*Raw data*
◆ ◆ ◆ ◆
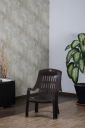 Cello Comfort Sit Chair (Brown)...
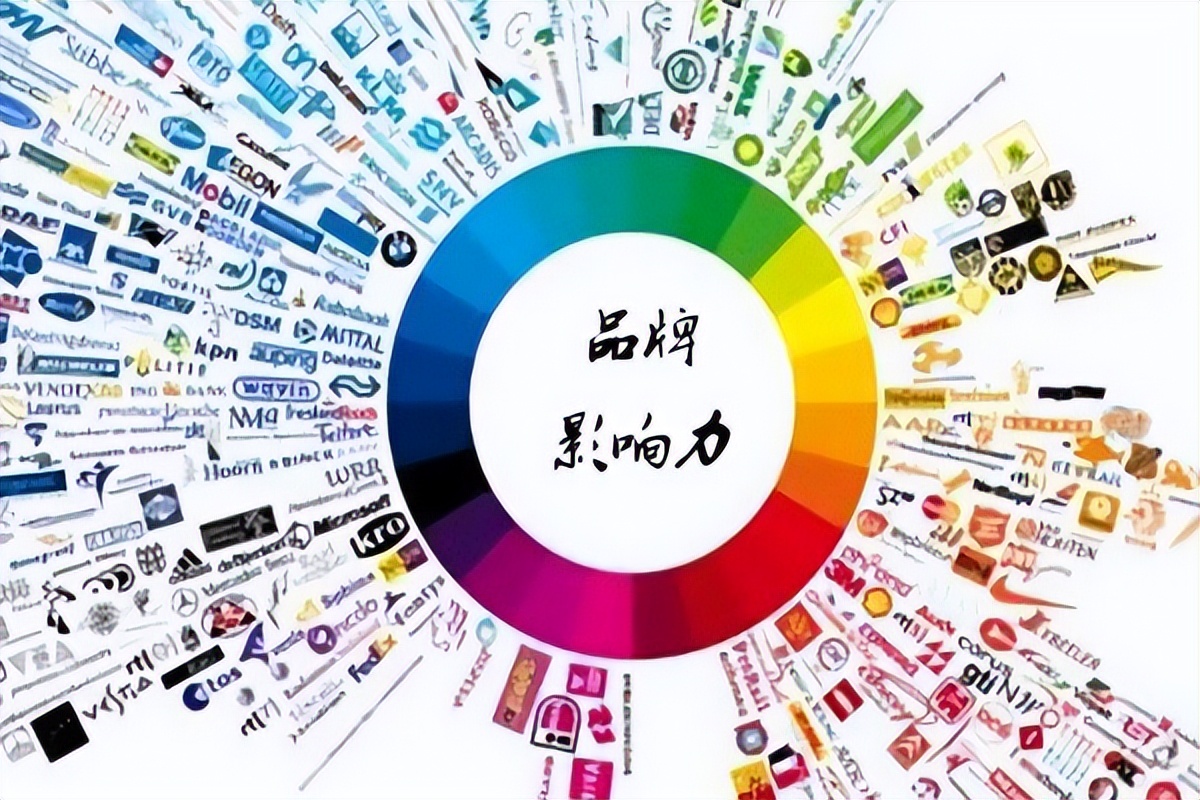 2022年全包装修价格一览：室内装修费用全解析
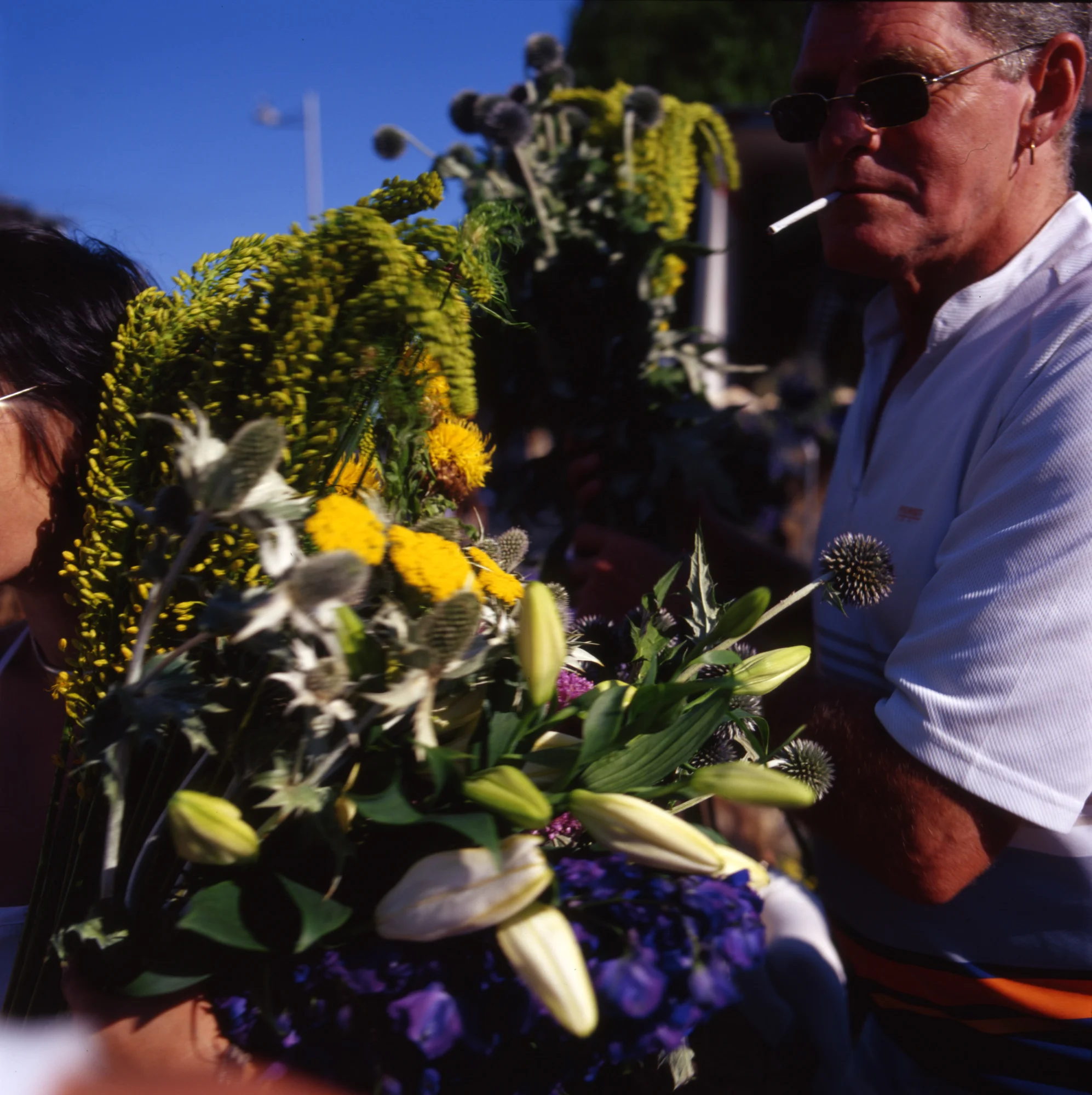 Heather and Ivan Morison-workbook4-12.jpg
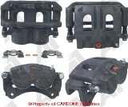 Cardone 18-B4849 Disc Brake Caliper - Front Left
◆ ◆ ◆ ◆
Exact copy required, pictures excluded: the lines from the one holding "2022年全包装修价格一览：室内装修费用全解析" through the last line of the data, both ends included.

*Your solution*
 2022年全包装修价格一览：室内装修费用全解析
 Heather and Ivan Morison-workbook4-12.jpg
 Cardone 18-B4849 Disc Brake Caliper - Front Left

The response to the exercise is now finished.